How is AI changing employees’ expectations about their jobs?
Accenture’s research shows that employees are bracing for significant change from AI:
- 31% of workers expect their job will either be unrecognisable or disappear completely by the end of the decade. That’s roughly double the share who felt this way just 18 months ago.
- 79% of workers expect they will need to reskill.
- 55% say they are likely to change occupations.
At the same time, there is strong willingness to adapt:
- More than half of UK workers (54%) say they have the appetite to reskill in response to AI.
In short, employees largely accept that AI will reshape their roles and are prepared to learn new skills. What they are looking for now is clearer guidance, structured reskilling opportunities, and support from their employers to navigate this transition.
Are employers investing enough in AI reskilling and workforce transition?
The research suggests a clear gap between what workers expect and what employers are currently doing.
On the employer side:
- Only 26% of organisations have conducted a skills audit to assess AI’s impact on roles.
- 27% do not provide AI-related training at scale.
- Just 30% are investing in reskilling and redeployment pathways for at-risk roles.
- Only 7% of executives say their workforce is fully prepared for agentic AI.
At the same time, executive expectations are shifting:
- In 2024, only about one-third of executives believed AI would shrink the national workforce; now 49% expect AI will reduce national employment over the next decade.
- Executives expecting AI to increase demand for entry-level roles dropped from 40% to 15%.
- Those expecting reduced demand for entry-level roles rose from 22% to 37%.

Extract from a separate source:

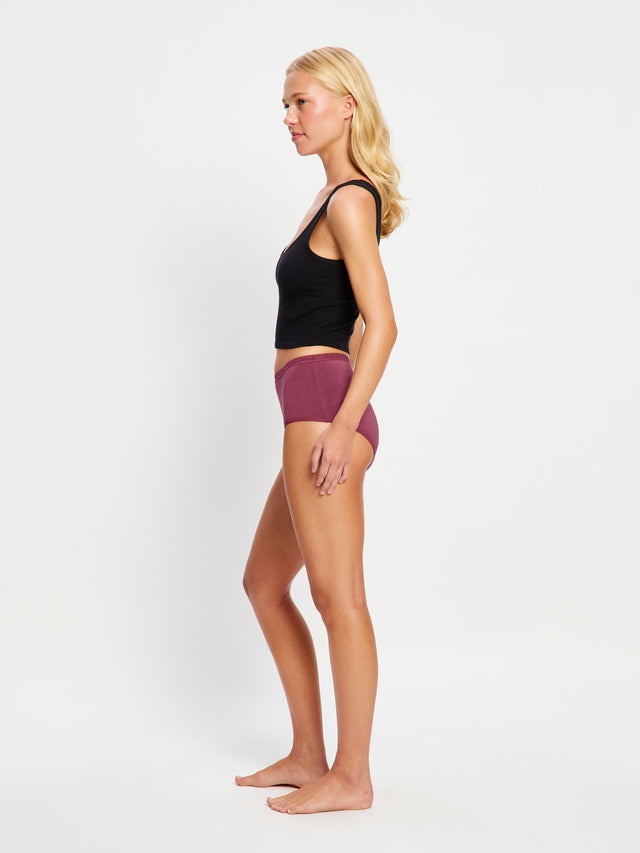 Culotte classique couvrante modérée prune pourpre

This mindset risks creating a “wait and see” approach, where leaders assume displacement is inevitable and invest less in reskilling. The report argues that turning AI-driven efficiency into inclusive growth will depend on more deliberate investment in skills audits, structured reskilling, and new career pathways.
Why aren’t AI productivity gains showing up at the organisational level?
The data indicates that AI use is growing, but often in a fragmented way that limits impact at scale.
Key patterns from the research:
- 24% of workers are sourcing AI tools themselves, outside formal company systems. This “shadow AI” means usage is ad hoc and not aligned with enterprise processes or governance.
- Employees are mainly adopting AI at the level of individual tasks, not end-to-end workflows.
- Only around a quarter of employees say a major process in their team has been redesigned around AI in the past year.
The result is what the report calls a “two-speed organisation”:
- Some functions operate with AI-enabled productivity.
- Others continue to work as they always have.
As Matt Prebble of Accenture notes, AI has effectively “joined the workforce,” but people are moving faster than their organisations. Personal productivity gains are visible, but they don’t automatically translate into enterprise performance.
To turn AI adoption into economic value, organisations need to:
- Create a current, comprehensive view of workforce capabilities and gaps.
- Redesign workflows and operations around AI, rather than just layering tools on top of existing processes.
- Invest in structured reskilling and upskilling so that AI becomes embedded in how work gets done, not just in isolated tasks.